Naive Bayes classifiers in TensorFlow

Naive Bayes classifiers deserve their place in Machine Learning 101 as one of the simplest and fastest algorithms for classification. This post explains a very straightforward implementation in TensorFlow that I created as part of a larger system. You can find the code here.

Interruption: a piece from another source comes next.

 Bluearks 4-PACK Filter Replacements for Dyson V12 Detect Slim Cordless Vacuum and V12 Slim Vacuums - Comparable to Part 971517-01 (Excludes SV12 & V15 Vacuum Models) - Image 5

The textbook application of Naive Bayes (NB) classifiers is spam filtering, where word frequency counts are used to classify whether a given message is spam or not. In this example, however, we're going to be using continous data instead. More specifically, we'll be classifying flowers based on measurements of their petals size.

The algorithm

Just a quick refresher on the NB algorithm: as with any classifier, the training data is a set of training examples $\textbf{x}$, each of which is composed of $n$ features $\textrm{x}i = (x{1}, x_{2}, ..., x_{n})$ and their corresponding class $C_i$ where $i$ is one of $k$ classes. The goal is to learn a conditional probability model:

$$ p(C_k | x_1, x_2, ..., x_k) $$

for each of the $k$ classes in the dataset. Later, we're going to see how a simple rule can be used to make a decision on the basis of these conditional probabilities. Intuitively, learning this multivariate distribution will require a lot of data as the number of features grows. However, we can simplify the task if we assume that features are conditionally independent given the class. While this assumption never holds on real data, it results in a single but surprisingly simple classifier.

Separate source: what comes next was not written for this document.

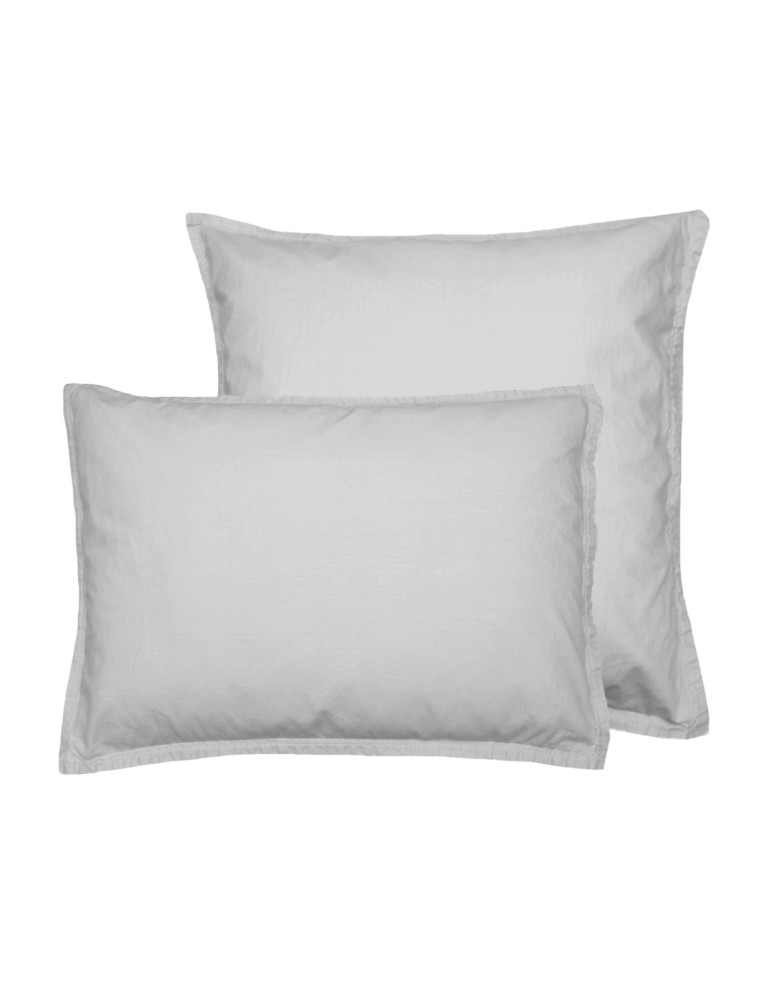 Lot de 2 taies d'oreiller en coton...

The math develops as follows. First, we write down Bayes' theorem:

$$ p(C_k | \mathbf{x}) = \frac{p_(C_k)p(\mathbf{x} | C_k)}{p(\mathbf{x})} $$

By definition of conditional probability, the numerator is just the joint probability distribution $p(C_k, \mathbf{x})$, and can be factored using the chain rule:

$$ p(C_k, \mathbf{x}) = p(x_1 | x_2, ..., x_n, C_k)p(x_2 | x_3, .., x_n, C_k)p(x_n | C_k)p(C_k) $$

By the naive assumption, the reciprocal conditioning among features can be dropped. In other words, we assume that the value assumed by each feature depends on the class only, and not on the values assumed by the other features. This means that we can simplify the previous formula quite a bit:

$$ p(C_k, \mathbf{x}) = p(x_1 | C_k)p(x_2 | C_k)...p(x_n | C_k)p(C_k) $$

Going back to Bayes' theorem, we observe that we can discard the denominator since it's just a normalization factor that doesn't depend on the class. We get:

$$ p(C_k | \mathbf{x}) \sim p(C_k, \mathbf{x}) \sim p(c_K)p(x_1|C_k)p(x_2|C_k)p(x_3|C_k) \sim p(C_k)\prod_{i=1}^{n}p(x_i | C_k) $$

The last formula shows why NB is so convenient: all $p(x_i | C_k)$ distributions can be learned independently. During training, we can split the examples by label, then learn a univariate distribution for each of the features given the class. For this example, we're going to assume that $p(x_i | C_k)$ are Gaussian distributions whose $\mu$ and $\sigma$ we can estimate easily from the samples.

To wrap up the algorithm, we need to make a decision based on these conditional probabilities. An intuitive and very common strategy is **Maximum a Posteriori (MAP)*: we simply pick the most likely class:

$$ \underset{k \in {1,..,K}}{\arg\max}\ p(C_k) \prod_{i=1}^np(x_i | C_k) $$

The scikit baseline

With sklearn, loading the dataset and training the classifier is trivial:

from sklearn.naive_bayes import GaussianNB
gnb = GaussianNB()
gnb.fit(X, y)

This is how a plot of the 3 first principal components looks like in 3D:

TensorFlow implementation

You may want to follow along with the actual code here.

Training

We start by grouping the training samples based on their labeled class, and get a (nb_classes * nb_samples * nb_features) array.

Based on the discussion above, we can fit individual Gaussian distributions to each combination of labeled class and feature. It's important to point out that, even if we're feeding the data in one go, we are fitting a series of univariate distributions, rather than a multivariate one:

mean, var = tf.nn.moments(tf.constant(points_by_class), axes=[1])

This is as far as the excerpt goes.